The salute to Kampmann brought up four individuals who were members of teams in 1960 (Kampmann’s first team), 1969, 1973 and 1980. Harvey Stein ‘60, who was Kampmann’s first-ever Western League champion – 880 yards in 1960 – knew all about Mel Patton when he started at Uni in 1958, provided a marvelous insight into what Coach K meant to him and the thousands who followed:
“My coach for the first two years was Jim Pursell, who was an excellent, excellent coach. So when Coach Pursell retired, and Coach Kampmann came on board, he really had big shoes to fill. He did so, and he filled them to overflowing.
“When Coach Kampmann did, is he instilled in all of us a spirit of competition that today – and I am 73 – I still have with all my heart. Anyone who knows me, knows that.
“But what he also did is he instilled competition with decency. And that’s what set Coach Kampmann apart and that’s why this stadium is named for him. And that’s why there were hundreds of people who turned out for his birthday party a year and a half ago.
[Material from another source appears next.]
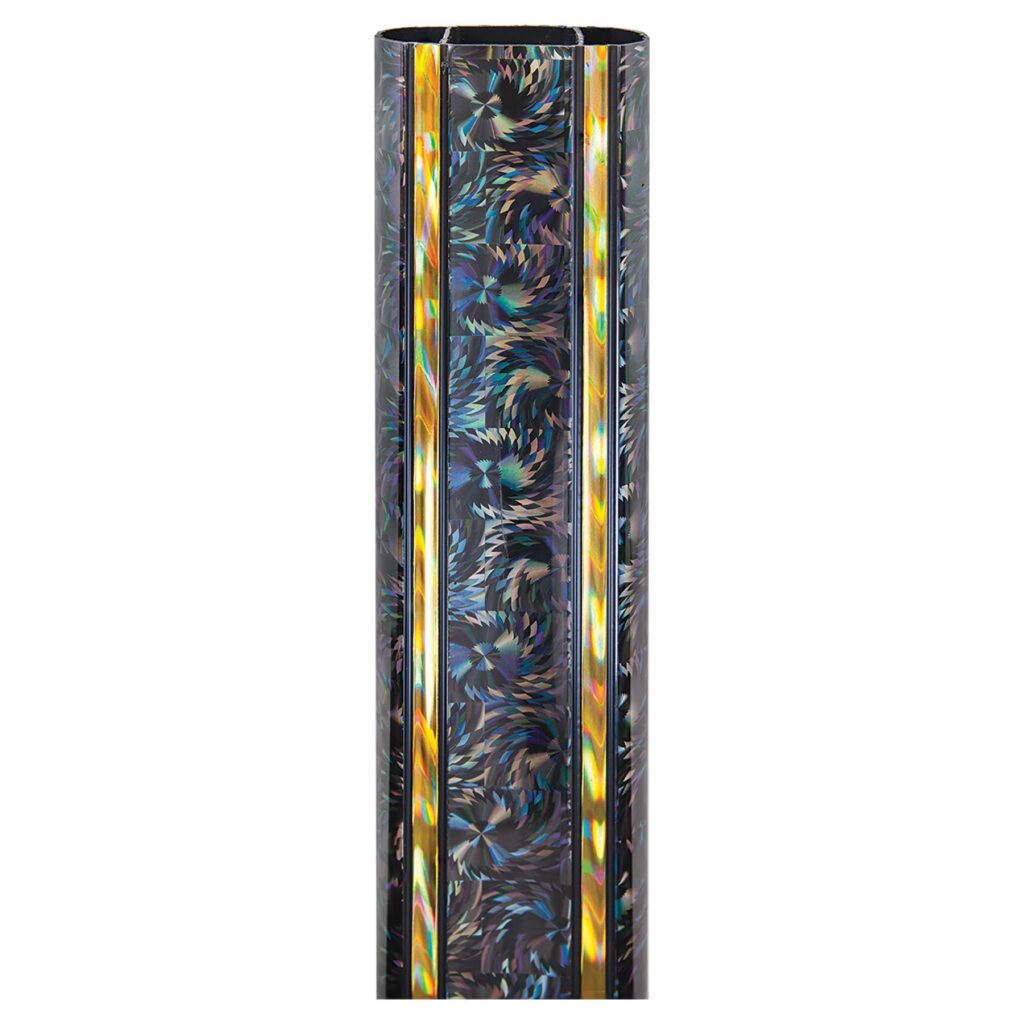 45" Black/Gold Rectangular Buzz Saw Trophy Column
“Coach Kampmann, at his retirement from Uni, some 30 years ago, told my wife – who is here now – that he always thought that I ran better than I could. And I think that says much more about Coach Kampmann than it does about me, because it shows what he was able to pull out of his athletes. …
“When I started Uni – and I say this with all respect – Mel Patton was my hero. He truly was. When I graduated Uni, Coach Kampmann was. Thank you.”
Kampmann reminisced about his path from Gompers Junior High School to Dorsey, where his team ended a Uni undefeated streak and earned the respect of Pursell, who recommended him as his successor. (Kampmann tells the story in greater length in this post from his 90th birthday party a year ago.)
After his remarks, Davidson, Kampmann and Shirley Patton stood next to the unveiled plaques of Cavanaugh, Coach K, Mel Patton and the donors, to the delight of the attendees and more than 100 cameras preserving a memory that took 90 years to create.
I am so pleased to have heard about this! Coach K left an indelible mark on my life. Mr Stein, above, put it perfectly: “he instilled competition with decency.” And it was with that, that I was motivated to try my very best each and every day. I have done my best to pass these lessons on my son.
Congratulations, Coach K! But most of all, “thank you” for everything you taught me!